Nei confronti dell’Eucaristia Alberto usa un linguaggio ricco di una straordinaria forza emotiva. Nelle pagine del Diario annota: “Ogni qualvolta mi accosto alla santa comunione, ogni qualvolta Gesù nella sua divinità ed umanità entra in me, a contatto con la mia anima, è un accendersi di santi propositi è come un fuoco che arde, il quale entri nel mio cuore, una fiamma che brucia e che consuma, ma che mi rende cosi felice […] e allora mi abbandono tutto ad un colloquio intimo con Gesù, la mia umanità scompare, potrei dire, lì vicino a Lui; tutti i dubbi, tutte le incertezze sono sparite, gli ostacoli appianati, i sacrifici resi gioiosi, le difficoltà gradite. Infine mi inoltro nel pensiero infinito di Dio, come un povero cieco desideroso di luce; sogno il paradiso, la gloria dei santi, lo splendore della visione dell’Eterno, la radiosa felicità dei beati che godono e vivono eternamente, perché hanno amato sulla terra Dio e il prossimo”.

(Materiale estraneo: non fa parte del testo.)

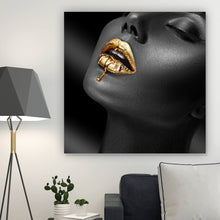 Lade das Bild in den Galerie-Viewer, Aluminiumbild gebürstet Chrome Lippen Gold Quadrat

Alla pedagogia dei salesiani Alberto rimase sempre legato: anche anni dopo, nel 1943 in una relazione tenuta in occasione di un Convegno aspiranti e nel 1946, in una lezione rivolta ad un gruppo di genitori, continuerà a proporre il metodo educativo di don Bosco, fiducioso che anche in mezzo alle macerie della guerra fosse possibile per un credente vivere la gioia.